Scraped caption text data:
((
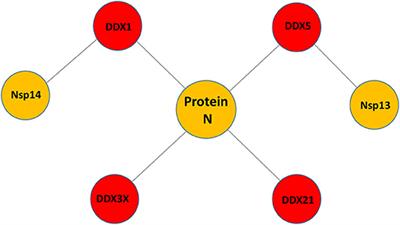 Host DDX Helicases as Possible SARS-CoV-2 Proviral Factors: A Structural Overview of Their Hijacking Through Multiple Viral Proteins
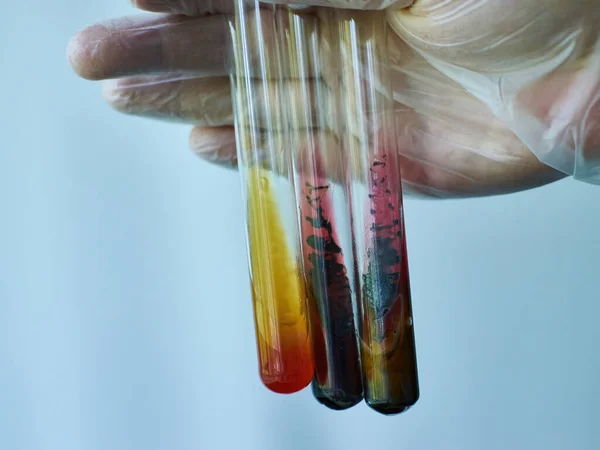 Various of Bacteria culture medium test tube microbiology laboratory test. High quality photo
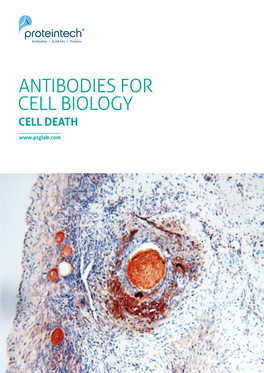 Antibodies for Cell Biology: Cell Death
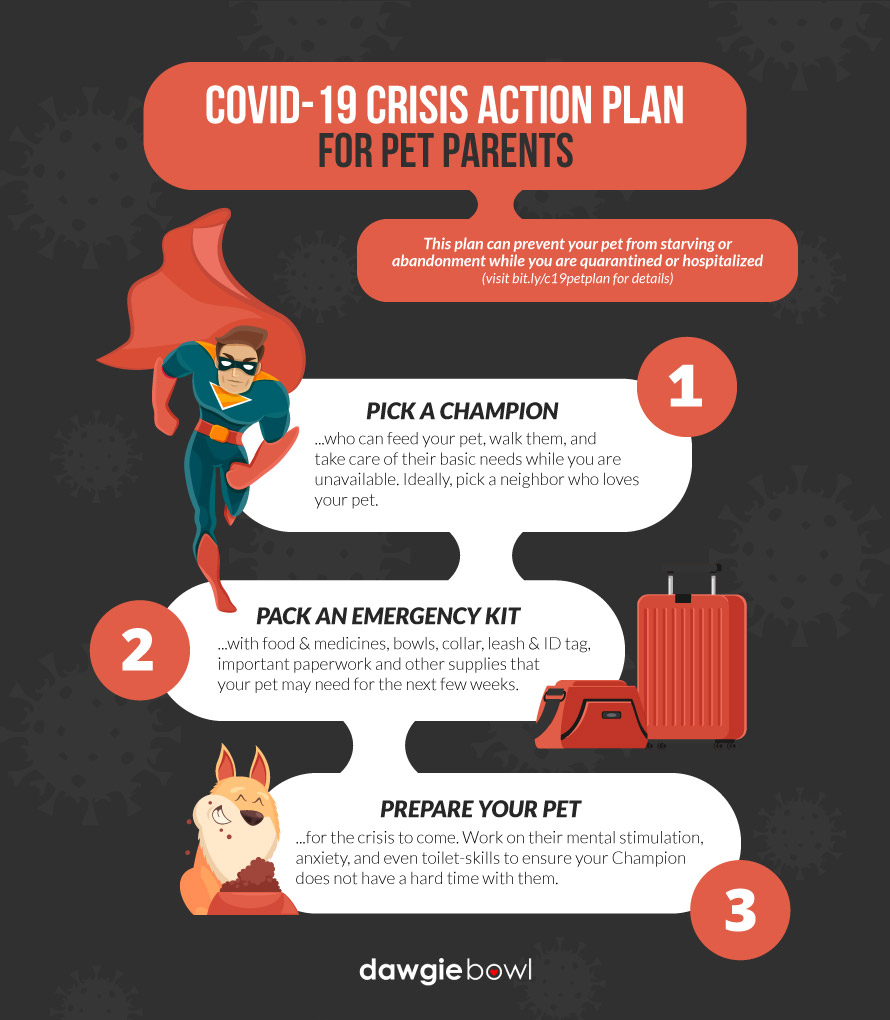 COVID-19 Crisis Action Plan for Pet Parents - Rescue plan for pet dogs and cat during coronavirus pandemic - train your pet to survive a quarantine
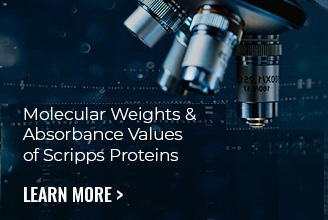 Molecular Weights & Absorbance Values of  Scripps Proteins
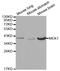 Mitogen-Activated Protein Kinase Kinase 1 antibody, A0252, ABclonal Technology, Western Blot image 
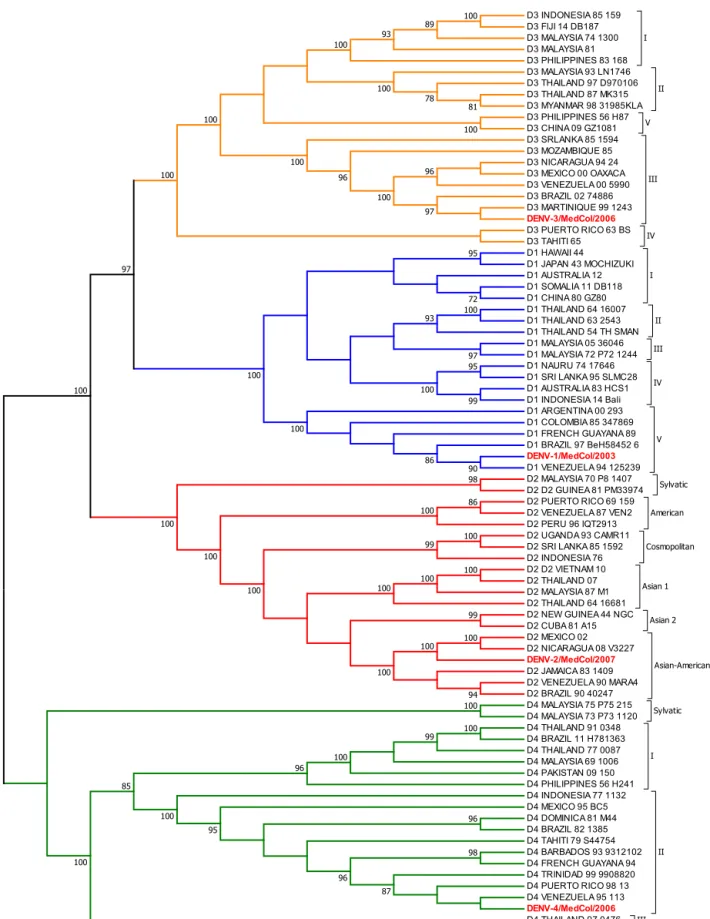 Fig. 2 – Phylogenetic analysis of clinical isolates. Cladogram resulting from the maximum parsimony analysis of the E gene sequences of the DENV strains used in this study (highlighted in red) and 77 other sequences that together are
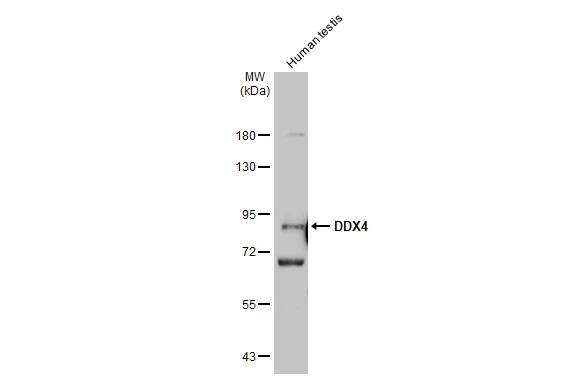 VASA Antibody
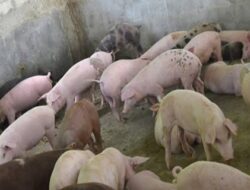 3.542 Babi Mati Akibat Terjangkit Virus Tersebar di Tiga Kecamatan di Luwu Utara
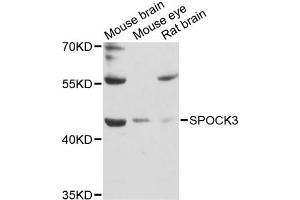 Western blot analysis of extracts of various cell lines, using SPOCK3 antibody (ABIN6292517) at 1:3000 dilution. (SPOCK3 anticorps)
))
§ Your assignment
Give the data again word for word, without images.

§ Task answer
 Host DDX Helicases as Possible SARS-CoV-2 Proviral Factors: A Structural Overview of Their Hijacking Through Multiple Viral Proteins
 Various of Bacteria culture medium test tube microbiology laboratory test. High quality photo
 Antibodies for Cell Biology: Cell Death
 COVID-19 Crisis Action Plan for Pet Parents - Rescue plan for pet dogs and cat during coronavirus pandemic - train your pet to survive a quarantine
 Molecular Weights & Absorbance Values of  Scripps Proteins
 Mitogen-Activated Protein Kinase Kinase 1 antibody, A0252, ABclonal Technology, Western Blot image 
 Fig. 2 – Phylogenetic analysis of clinical isolates. Cladogram resulting from the maximum parsimony analysis of the E gene sequences of the DENV strains used in this study (highlighted in red) and 77 other sequences that together are
 VASA Antibody
 3.542 Babi Mati Akibat Terjangkit Virus Tersebar di Tiga Kecamatan di Luwu Utara
 Western blot analysis of extracts of various cell lines, using SPOCK3 antibody (ABIN6292517) at 1:3000 dilution. (SPOCK3 anticorps)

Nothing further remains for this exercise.